I recently reviewed food from the Triton Taste, the food truck that is an integral part of the culinary program at our local Edmonds College. I had a chance to have an email conversation — and have a few quick chats while waiting for food — with Chef Instructor Stacey Schwartz. She’s in place each week supporting the team of students who are cooking and preparing food for hungry customers that visit the truck every Thursday at the Dayton and 4th location in downtown Edmonds.
Readers need to know more about the rest of the Edmonds College program. During a recent visit to procure some items from the previously mentioned pastry case, at the café location on the Lynnwood campus, I met Chef Instructor for Culinary Arts Kevin Fogarty. He agreed to a chat on the phone and shared with me the details on the Capstone Project.
Students write the menu for the café, although it is only a “take-out” menu these days. They also complete one to six projects in the bakery program, which would normally culminate in an open house, 100 people in the room attending — sadly not possible these days.
A two-year degree in culinary and baking is normally what students pursue. COVID has changed their focus, away from operation of the café and bakery programs and more into the Triton Taste food truck.
“We never really got to launch the truck program properly last year.” Fogarty shared. “Pivot” is the key word for students in Edmonds College Culinary program.
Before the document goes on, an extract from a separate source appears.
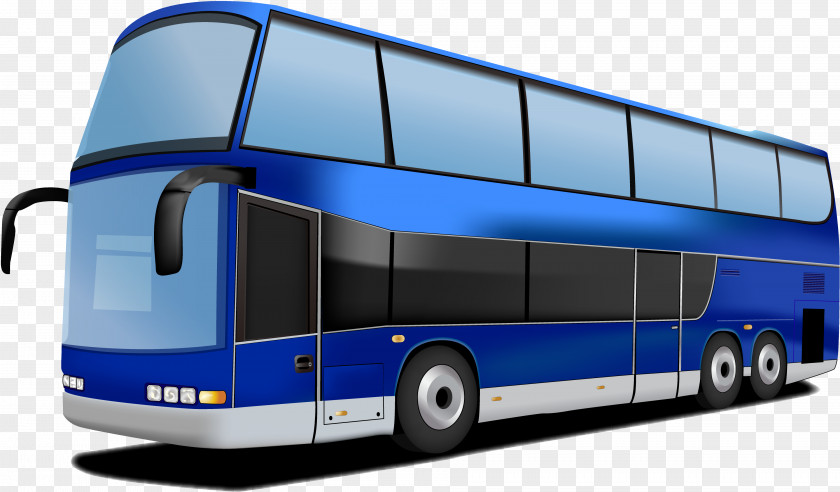 School Bus Double-decker Tour Service PNG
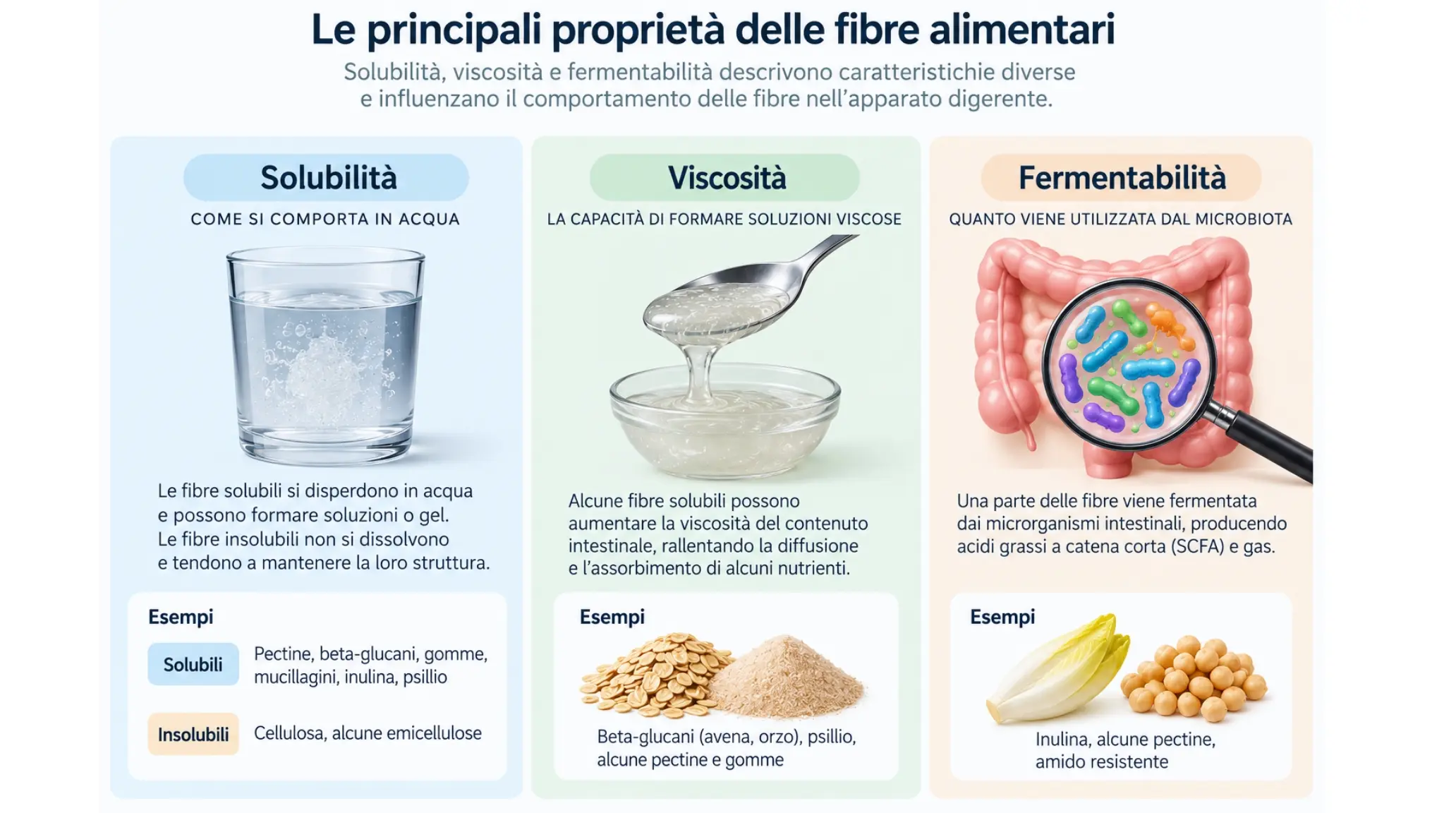 Schema delle proprietà delle fibre alimentari: solubilità, viscosità e fermentabilità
He outlined for me the five quarters in the curriculum that each culinary student accomplishes:
Quarter one is basic kitchen skill.
Quarter two, the students advance to sauces and other more complex cooking.
Quarter three, the students take a lead as a sous chef and working as a sauté.
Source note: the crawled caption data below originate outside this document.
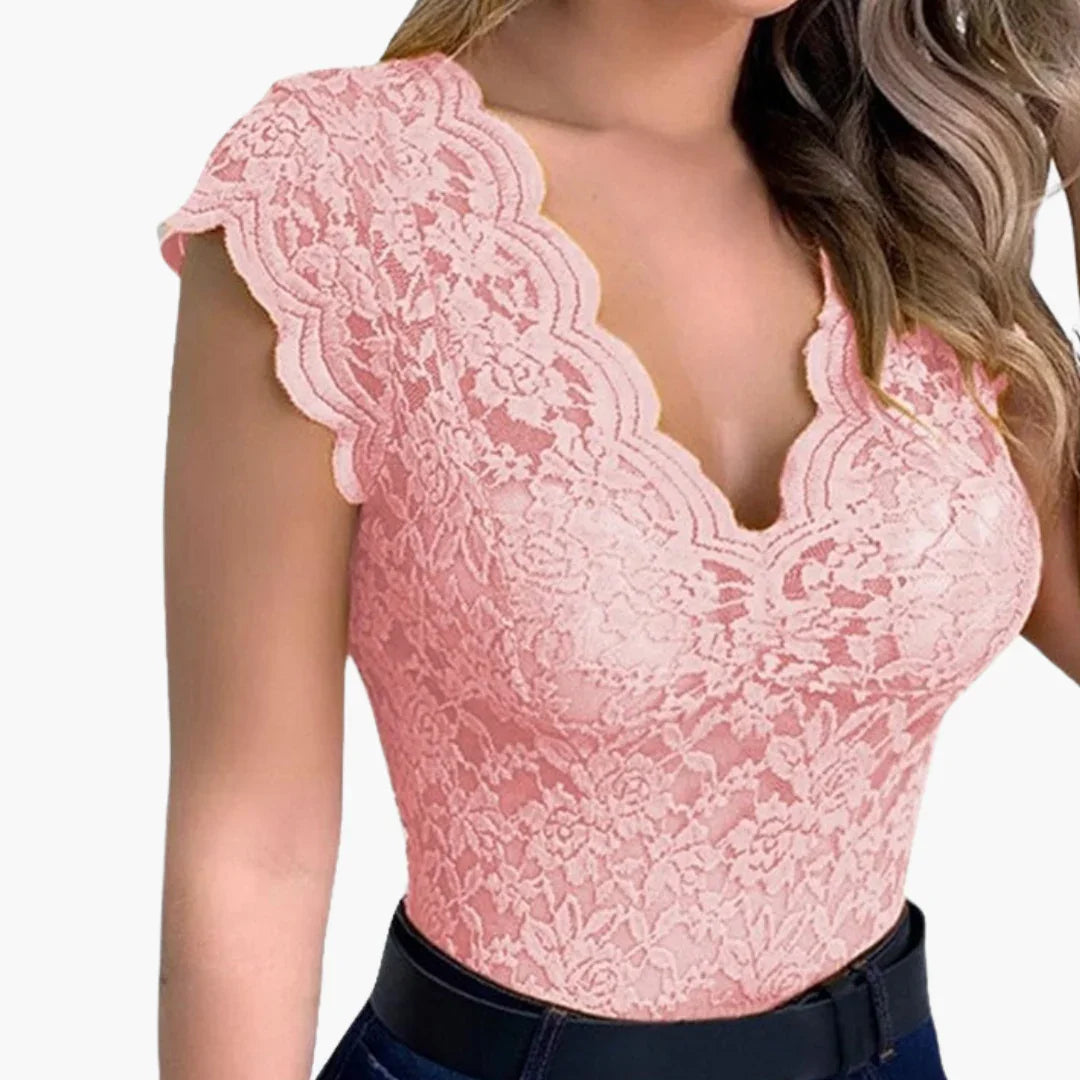 Lace Bodysuit for Women  Sexy Floral Lace Top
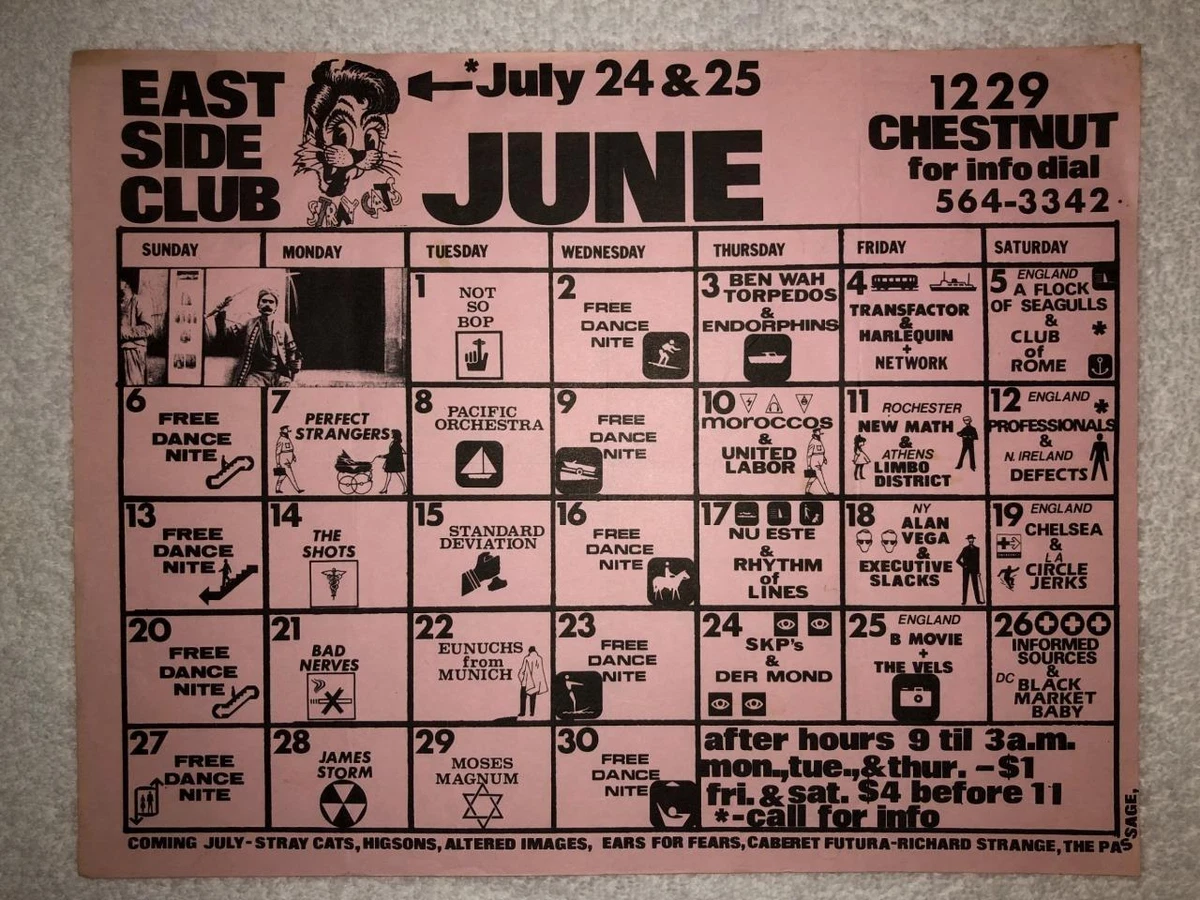 EAST SIDE CLUB (PA) June 1982 Calendar Flyer 8x11 circle jerks kbd hardcore punk | eBay east-side-club-pa-june-1982-calendar-flyer-8x11-circle-jerks-kbd-hardcore-punk-ebay
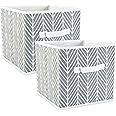 DII Non Woven Storage Collection Polyester Herringbone Bin, Small Set of 2, Gray, 2 Piece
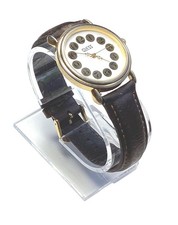 Guess? 1989 Unisex 34mm Watch Phone Dial Gold Tone Brown Leather WR New Battery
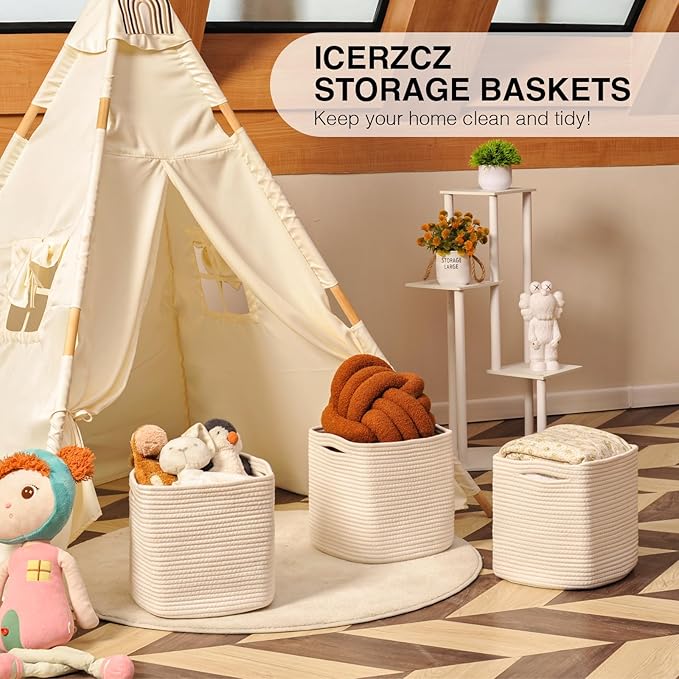 13 Inch Cube Closet Storage Bins, Woven Cotton Rope Organizer Baskets for Organizing & Shelves, Books, Towels, Clothes, Toys, 13x13x13 in, Off White (Pack of 3)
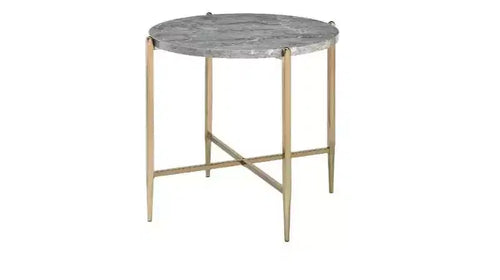 HomeRoots 24 Champagne And Light Gray Manufactured Wood And Metal Round End Table
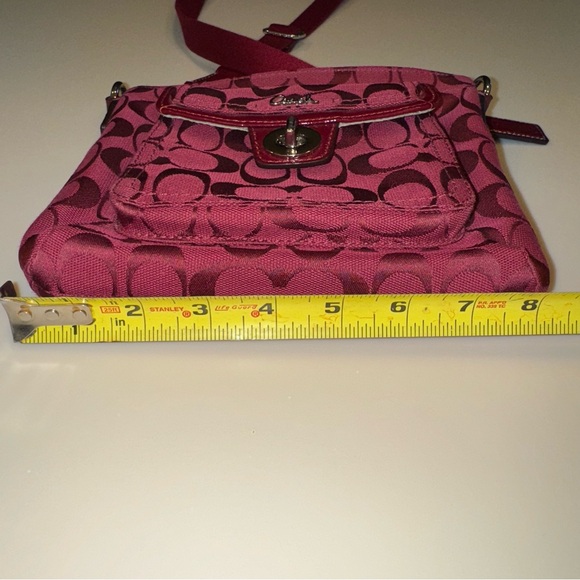 Coach Maroon Crossbody Shoulder Bag Patent Trim Turnlock Pocket - Picture 11 of 13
In quarter four, students take leadership roles in the kitchen.
In quarter five, students take on roles as a sous chef to the professional instructors.
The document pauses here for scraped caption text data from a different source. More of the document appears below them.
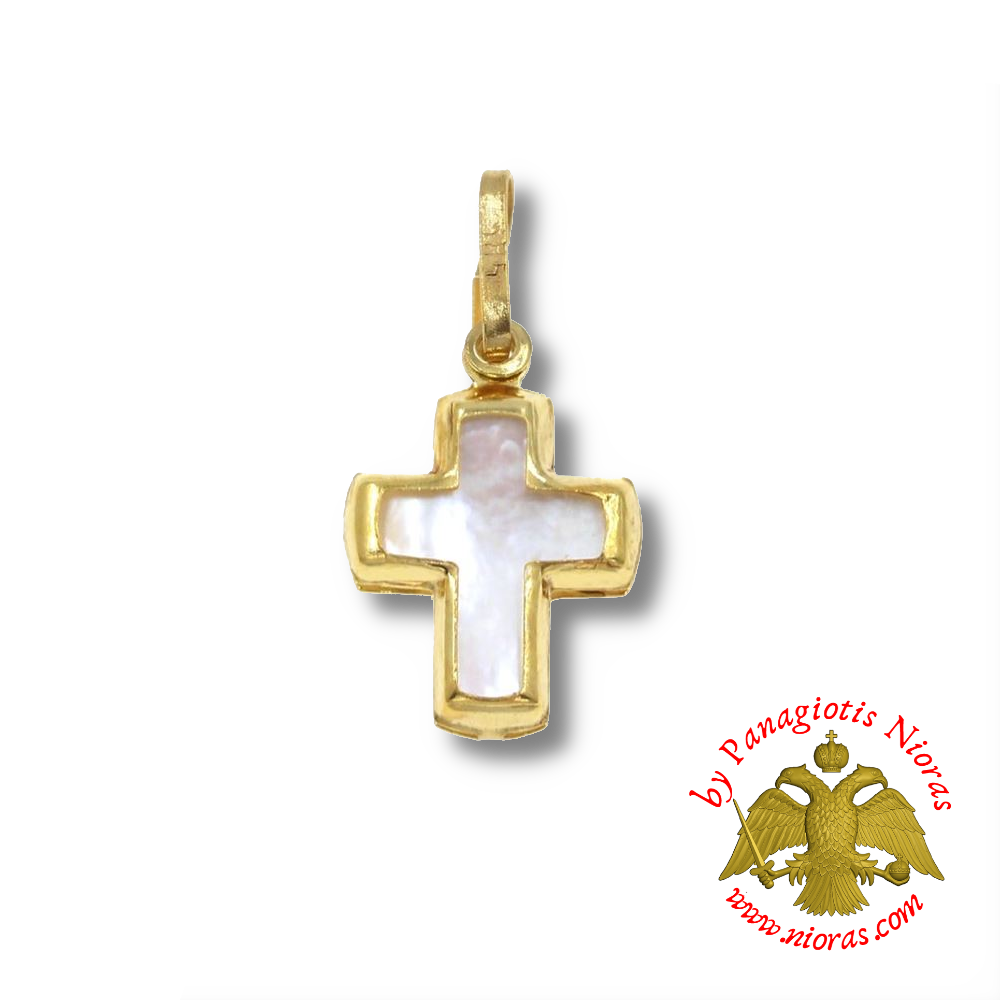 Gold Pendant Cross with Mop-Shell Stone 7x9mm K14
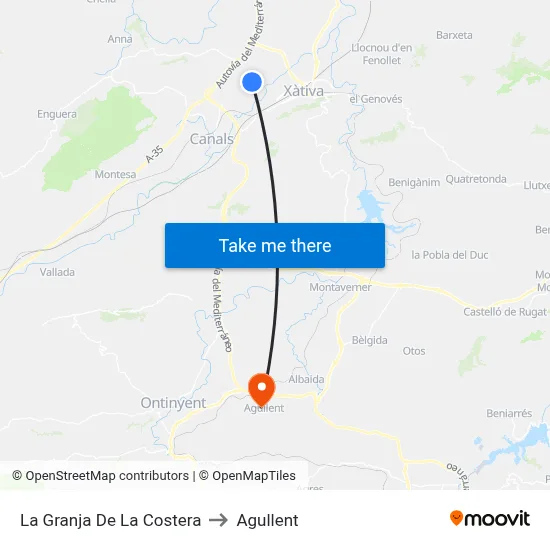 La Granja De La Costera to Agullent map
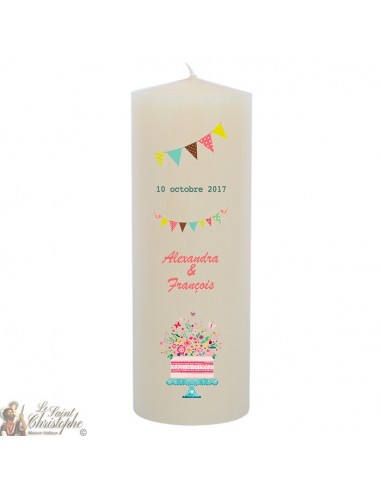 Vela de boda personalizable - Banderines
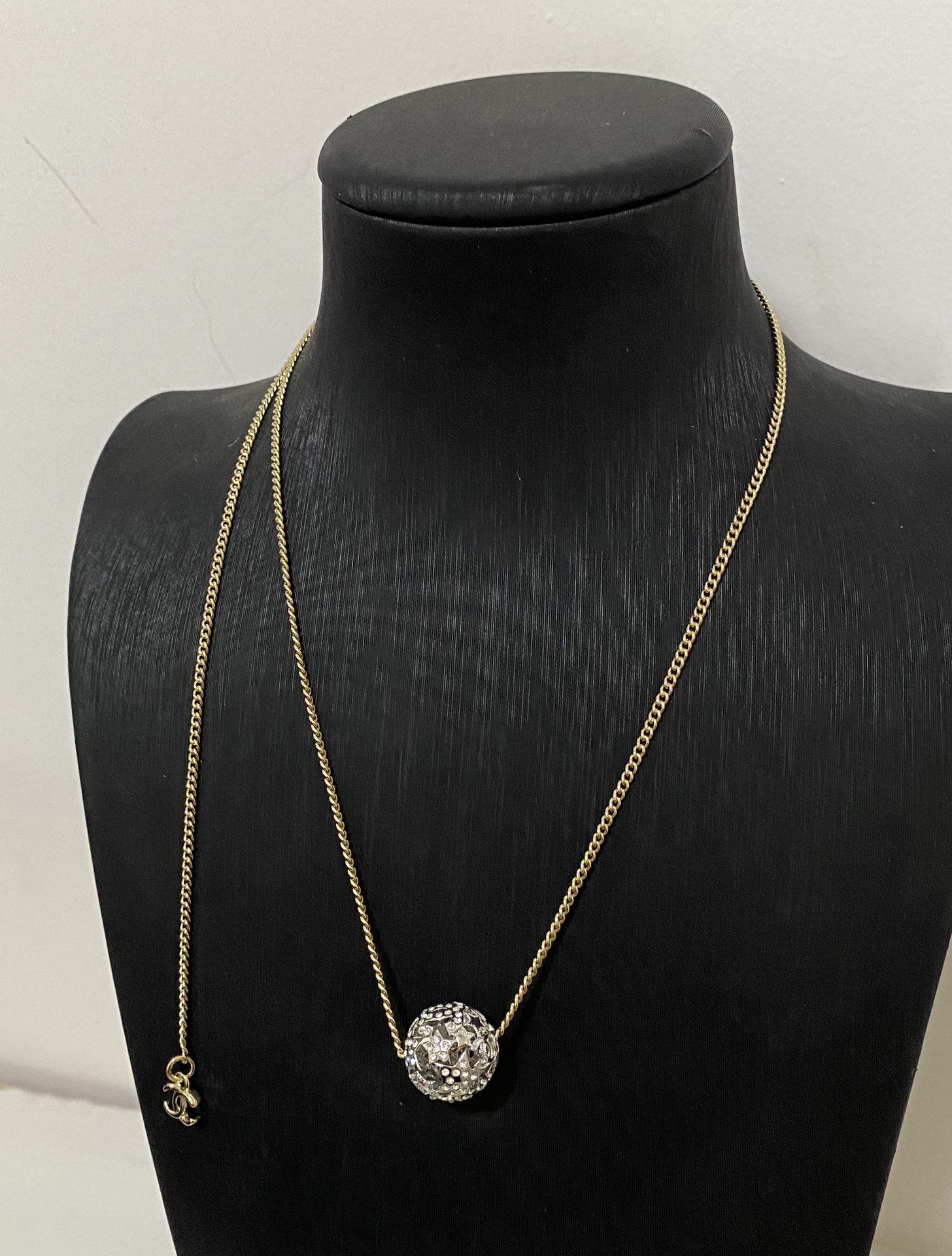CHANEL Necklace Star Double C Openwork Rhinestone Round Ball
The baking program has five steps as well. Quarters progress from cookies to truffles to breads to specialty projects, and culminate in quarter five when students design their own desert line.
Fogarty noted that the Dessert Dash, a great moneymaker during the Edmonds College Foundation’s Gala culinary event, featured about 40 items, with each one feeding 10 people.
Now that the Triton Taste food truck has become a mainstay of the program, I observed, “This quarter’s curriculum seems to be focused on healthier eating, less animal protein, more vegetarian/vegan entrees and those fabulous vegan chocolate chip cookies — oh my.”
“The truck’s model is plant-forward recipes,” Chef Fogarty replied. He shared that items like jackfruit, which mimics pork but is not considered a meat substitute, star in the menu’s model.
“In the café it’s more of an upscale deli program — prepared salads are the focus,” Fogarty said. Choices on burgers are offered — for example, a black bean vegetarian one versus a beef patty. Entrees that offer animal protein — including a chicken curry, and a lentil stew featuring house-made sausage — join items like vegetarian chili on the menu.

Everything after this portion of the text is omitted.